[EXERCISE GOAL]
Make a verbatim transcription of the records, without the pictures.

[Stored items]
Segment Open
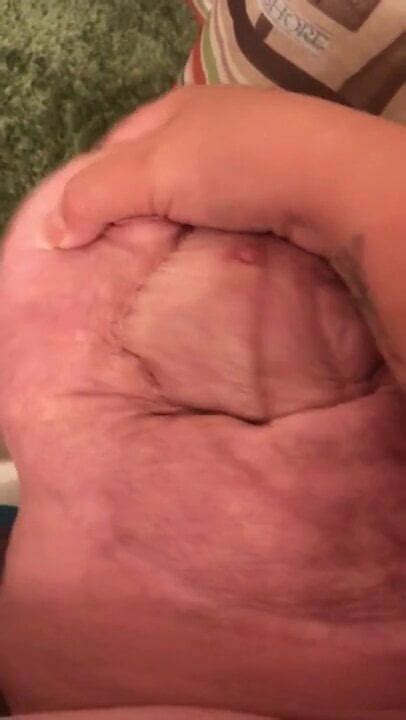 Amputee Stump Free Porntube HD Porn Video D XHamster XHamster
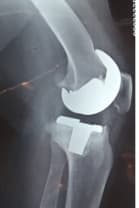 Үе дайрсан ясны анхдагч хавдар, ясны дутмагшлын үед хийгдэх мэс засалimg28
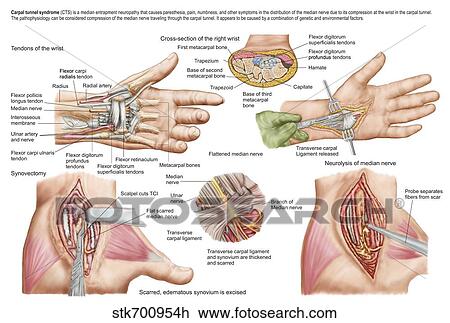 Medical illustration showing carpal tunnel syndrome in the human wrist. View Large Illustration Drawing - Medical illustration showing carpal tunnel syndrome in the human wrist.. Fotosearch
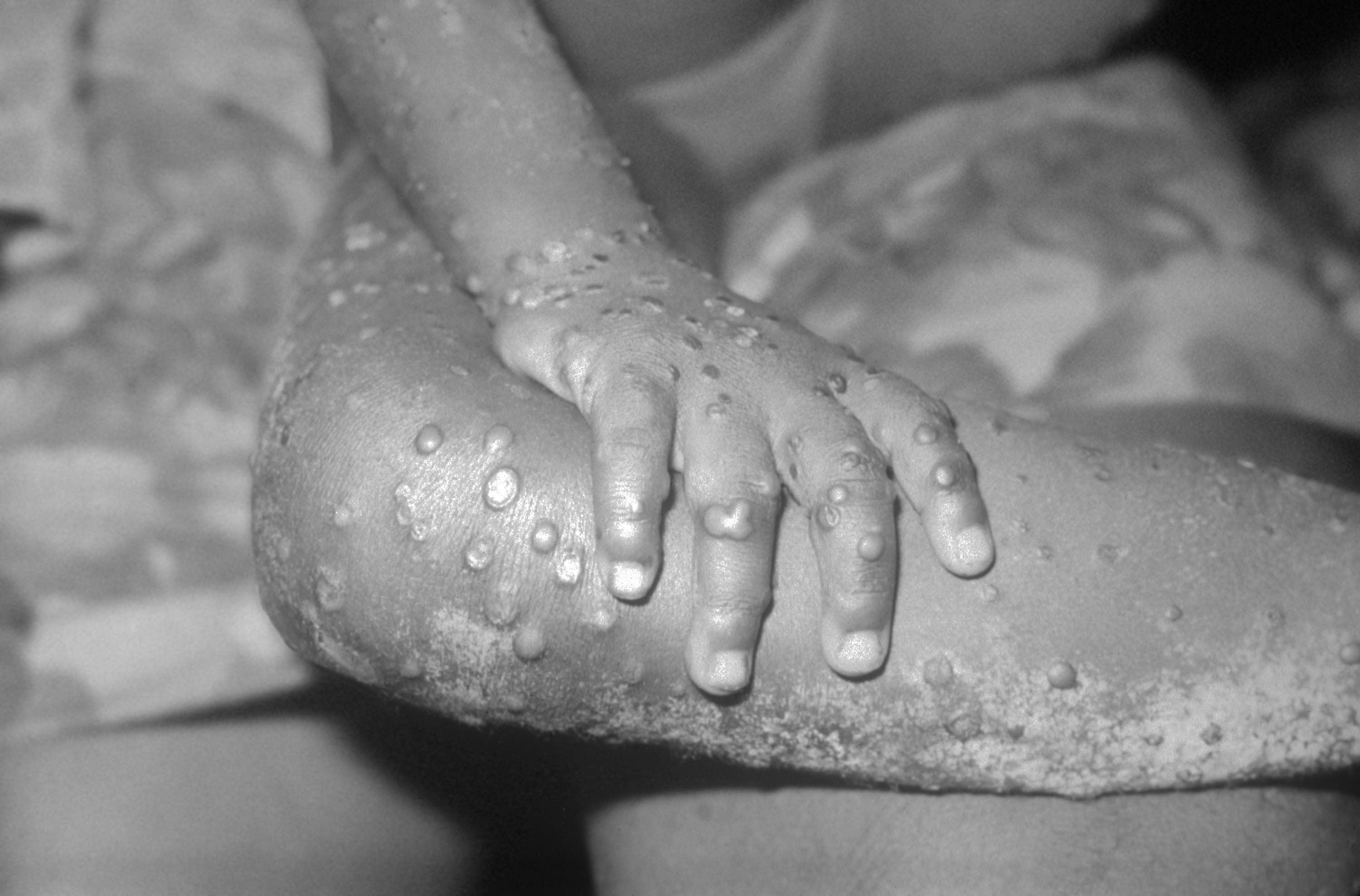 Viruela del mono: Se elevan a 84 los casos confirmados en España de monkeypox Viruela del mono: Se elevan a 84 los casos confirmados en España de monkeypox
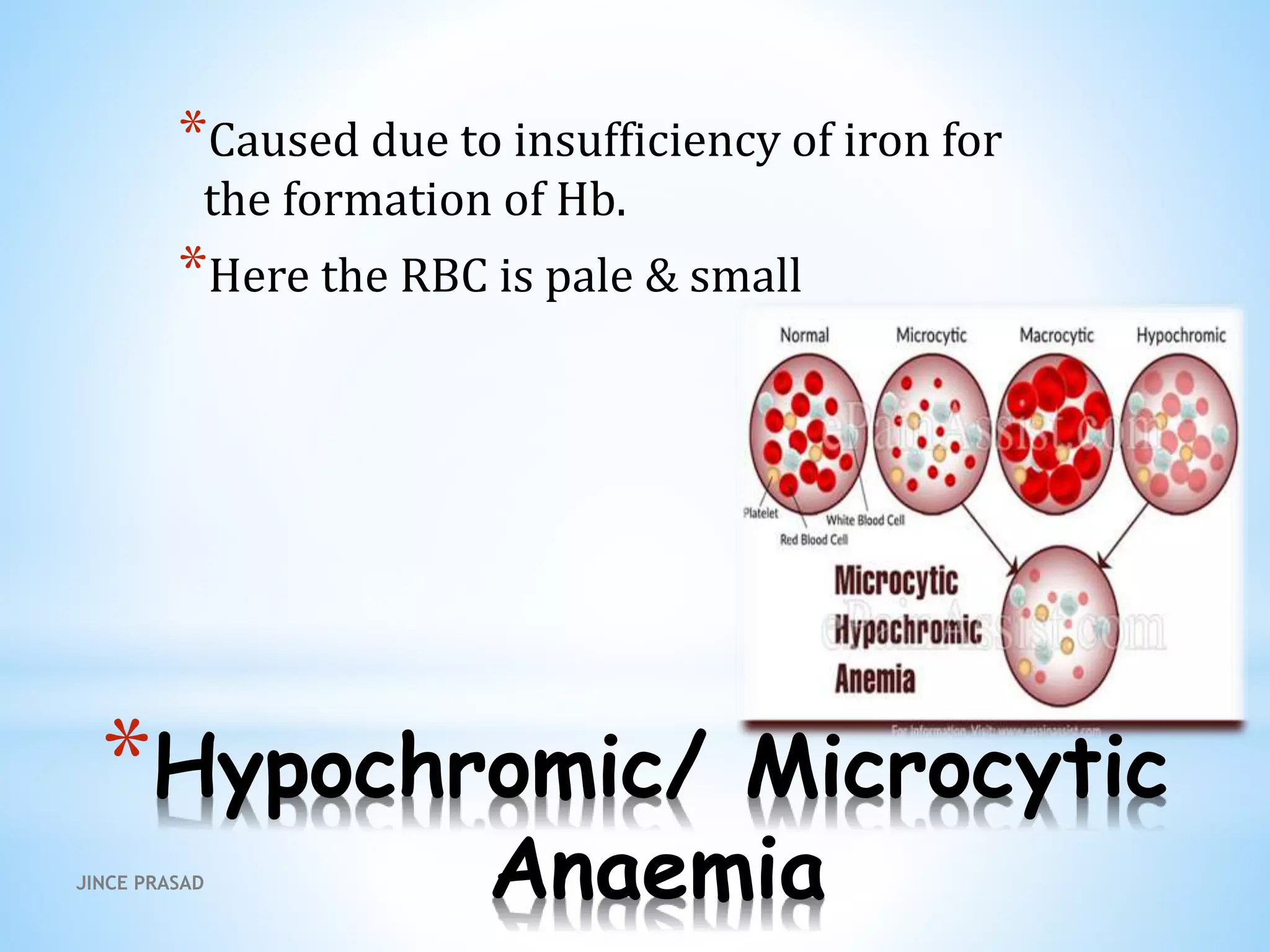 *Hypochromic/ Microcytic
Anaemia
*Caused due to insufficiency of iron for
the formation of Hb.
*Here the RBC is pale & small
JINCE PRASAD
 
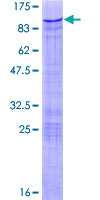 ZBTB7B / HcKrox Protein - 12.5% SDS-PAGE of human ZBTB7B stained with Coomassie Blue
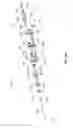 Fig. 57 - Selective tissue removal tool for use in medical applications and methods for making and using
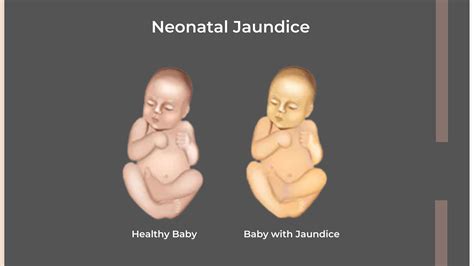 Maternal disease factors associated with neonatal jaundice: a …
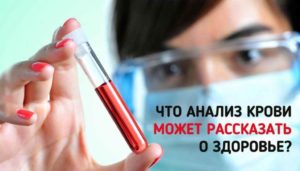 Общий анализ крови при сахарном диабете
Segment Closed
[TASK RESPONSE]
 Amputee Stump Free Porntube HD Porn Video D XHamster XHamster
 Үе дайрсан ясны анхдагч хавдар, ясны дутмагшлын үед хийгдэх мэс засалimg28
 Medical illustration showing carpal tunnel syndrome in the human wrist. View Large Illustration Drawing - Medical illustration showing carpal tunnel syndrome in the human wrist.. Fotosearch
 Viruela del mono: Se elevan a 84 los casos confirmados en España de monkeypox Viruela del mono: Se elevan a 84 los casos confirmados en España de monkeypox
 *Hypochromic/ Microcytic
Anaemia
*Caused due to insufficiency of iron for
the formation of Hb.
*Here the RBC is pale & small
JINCE PRASAD
 
 ZBTB7B / HcKrox Protein - 12.5% SDS-PAGE of human ZBTB7B stained with Coomassie Blue
 Fig. 57 - Selective tissue removal tool for use in medical applications and methods for making and using
 Maternal disease factors associated with neonatal jaundice: a …
 Общий анализ крови при сахарном диабете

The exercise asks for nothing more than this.